* [EXERCISE DATA]

##########

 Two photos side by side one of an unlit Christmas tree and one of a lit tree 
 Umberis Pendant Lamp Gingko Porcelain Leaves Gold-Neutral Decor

##########

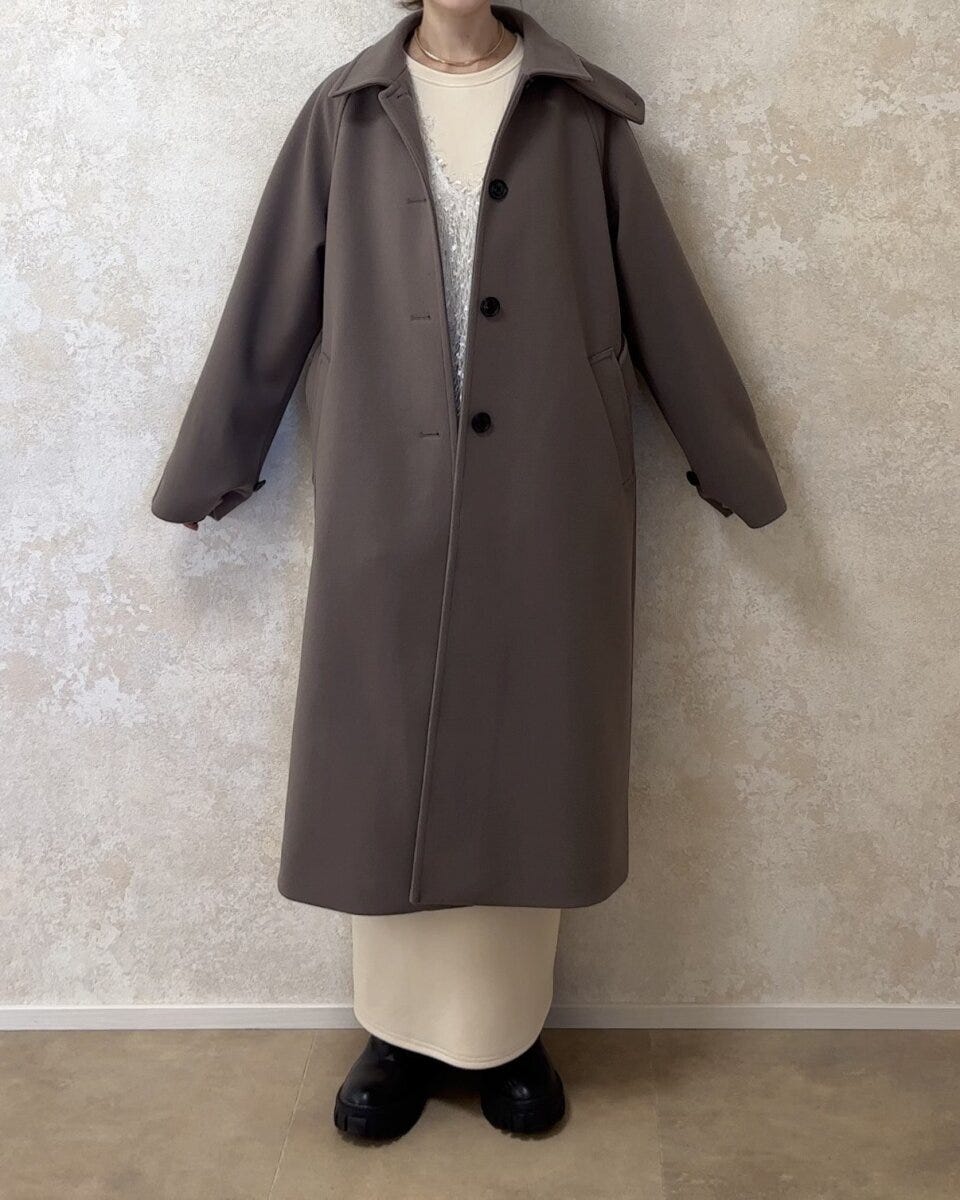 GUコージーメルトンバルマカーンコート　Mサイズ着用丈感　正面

##########

* [THE TASK] Only the lines above starting with the one with "Two photos side" and going through the one with "Umberis Pendant Lamp" are to be copied, word for word and with both ends kept.

* [WRITTEN ANSWER]
 Two photos side by side one of an unlit Christmas tree and one of a lit tree 
 Umberis Pendant Lamp Gingko Porcelain Leaves Gold-Neutral Decor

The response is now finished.